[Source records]
○ ○ ○ ○

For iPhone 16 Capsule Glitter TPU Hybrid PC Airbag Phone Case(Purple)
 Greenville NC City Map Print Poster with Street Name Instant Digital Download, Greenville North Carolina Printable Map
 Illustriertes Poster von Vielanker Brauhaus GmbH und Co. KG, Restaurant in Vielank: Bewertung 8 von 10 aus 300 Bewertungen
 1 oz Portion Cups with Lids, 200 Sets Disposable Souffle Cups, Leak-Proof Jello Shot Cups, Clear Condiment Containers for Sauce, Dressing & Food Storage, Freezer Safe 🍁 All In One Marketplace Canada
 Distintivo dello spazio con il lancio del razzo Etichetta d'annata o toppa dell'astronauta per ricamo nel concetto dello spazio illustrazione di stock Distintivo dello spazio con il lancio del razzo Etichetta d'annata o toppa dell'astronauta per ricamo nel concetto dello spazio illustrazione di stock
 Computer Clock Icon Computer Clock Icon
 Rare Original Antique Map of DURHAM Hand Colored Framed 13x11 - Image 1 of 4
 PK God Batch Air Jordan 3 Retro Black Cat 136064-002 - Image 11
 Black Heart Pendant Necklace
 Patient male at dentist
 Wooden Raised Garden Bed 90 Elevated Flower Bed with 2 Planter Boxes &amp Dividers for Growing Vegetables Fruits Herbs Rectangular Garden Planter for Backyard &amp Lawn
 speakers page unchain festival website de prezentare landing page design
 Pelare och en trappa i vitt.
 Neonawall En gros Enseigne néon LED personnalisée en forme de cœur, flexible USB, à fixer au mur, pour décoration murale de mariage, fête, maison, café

○ ○ ○ ○

== WHAT TO WORK ON ==
From the records above, give again exactly the lines running from the line with "Illustriertes Poster von" to the line with "1 oz Portion", inclusive.

== RESPONSE TO THIS EXERCISE ==
 Illustriertes Poster von Vielanker Brauhaus GmbH und Co. KG, Restaurant in Vielank: Bewertung 8 von 10 aus 300 Bewertungen
 1 oz Portion Cups with Lids, 200 Sets Disposable Souffle Cups, Leak-Proof Jello Shot Cups, Clear Condiment Containers for Sauce, Dressing & Food Storage, Freezer Safe 🍁 All In One Marketplace Canada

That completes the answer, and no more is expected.